The problem –
Print the data that follows word for word, leaving out any picture.

Material provided –
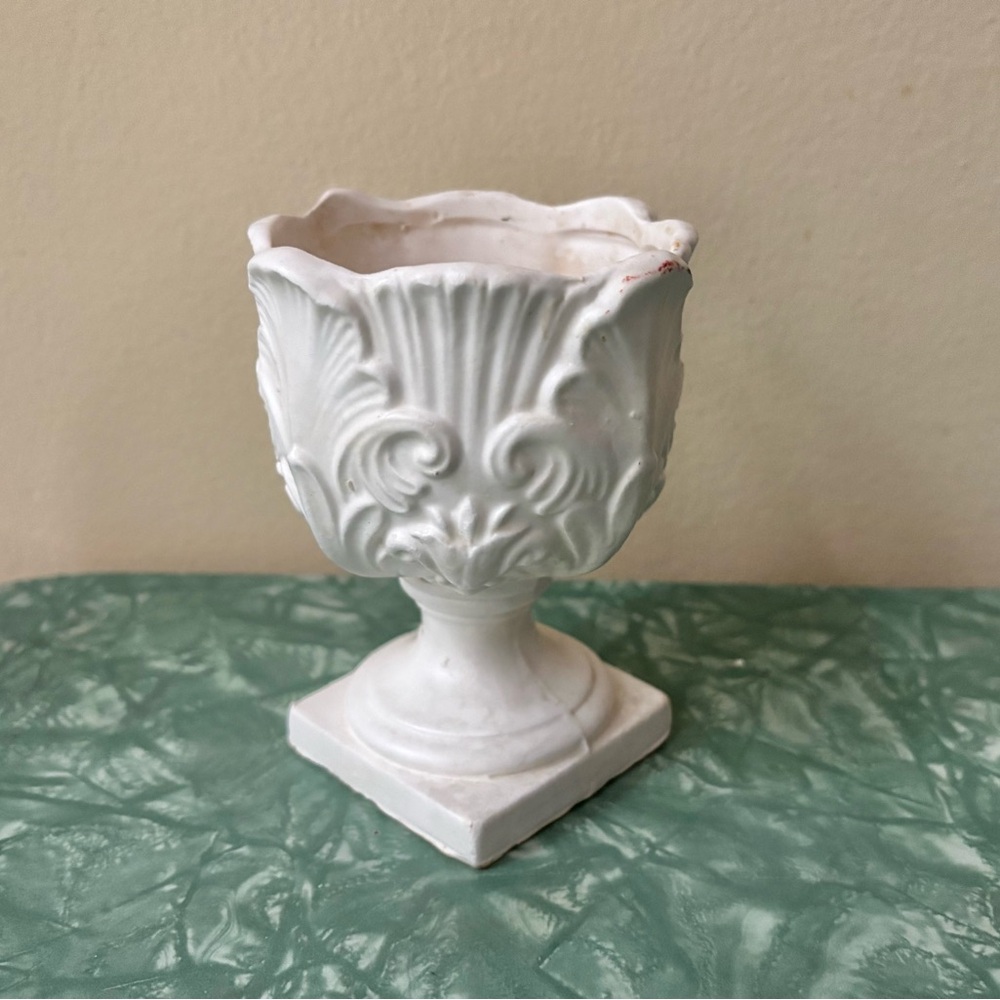 Vintage Embossed White Ceramic Vase #5594 Japan 1950s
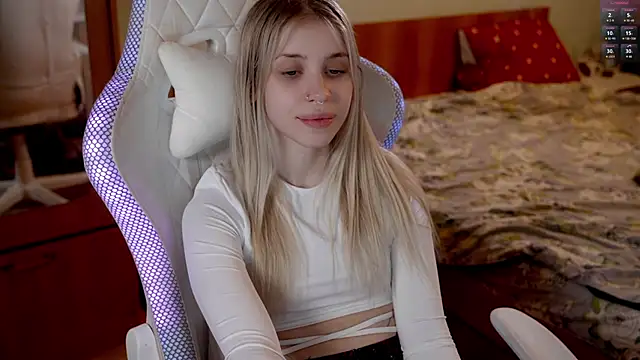 ho1yho1e online show from 01/14/26, 07:08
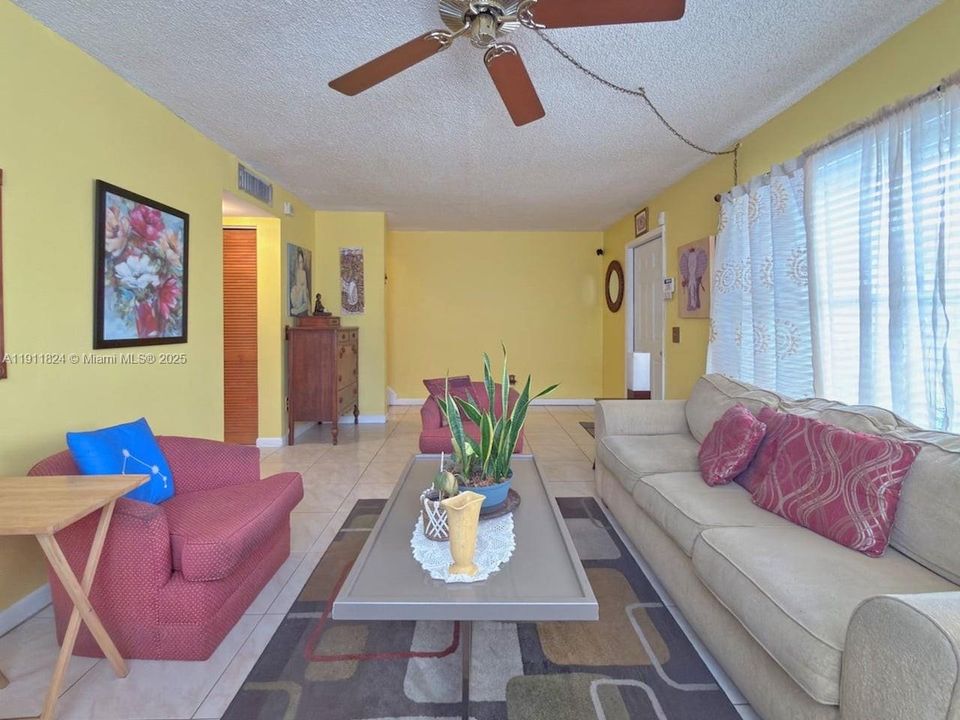 En Venta: $347,999 (3 camas, 2 baños, 1680 Pies cuadrados)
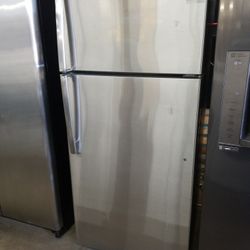 Ge Stainless 17cf Top Freezer Fridge FREE LOCAL DELIVERY 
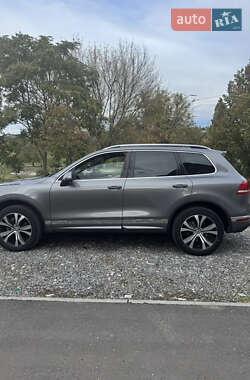 Внедорожник / Кроссовер Volkswagen Touareg 2015 в 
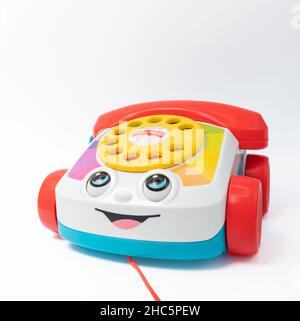 Barcelone, Espagne - 12.24.2021: Téléphone fixe jouet pour enfants avec un récepteur rouge, un cadran et un sourire sur le corps fait par Fisher-Price isolé sur le coup Banque D'Images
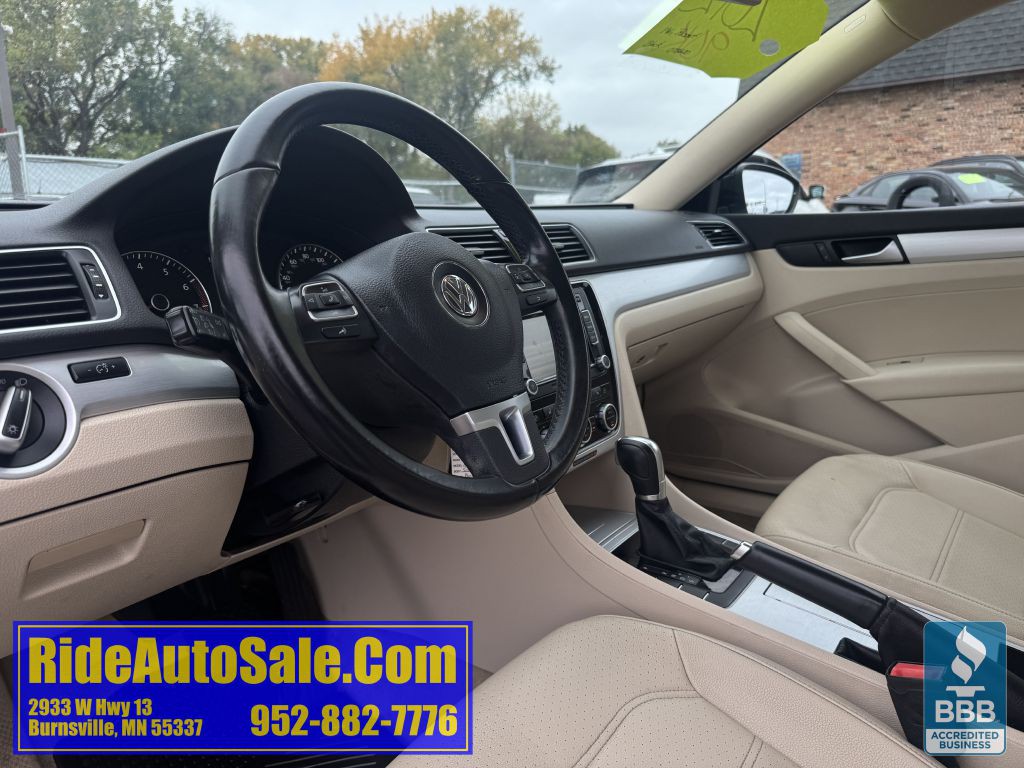 2012 Volkswagen Passat Image 10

Response –
 Vintage Embossed White Ceramic Vase #5594 Japan 1950s
 ho1yho1e online show from 01/14/26, 07:08
 En Venta: $347,999 (3 camas, 2 baños, 1680 Pies cuadrados)
 Ge Stainless 17cf Top Freezer Fridge FREE LOCAL DELIVERY 
 Внедорожник / Кроссовер Volkswagen Touareg 2015 в 
 Barcelone, Espagne - 12.24.2021: Téléphone fixe jouet pour enfants avec un récepteur rouge, un cadran et un sourire sur le corps fait par Fisher-Price isolé sur le coup Banque D'Images
 2012 Volkswagen Passat Image 10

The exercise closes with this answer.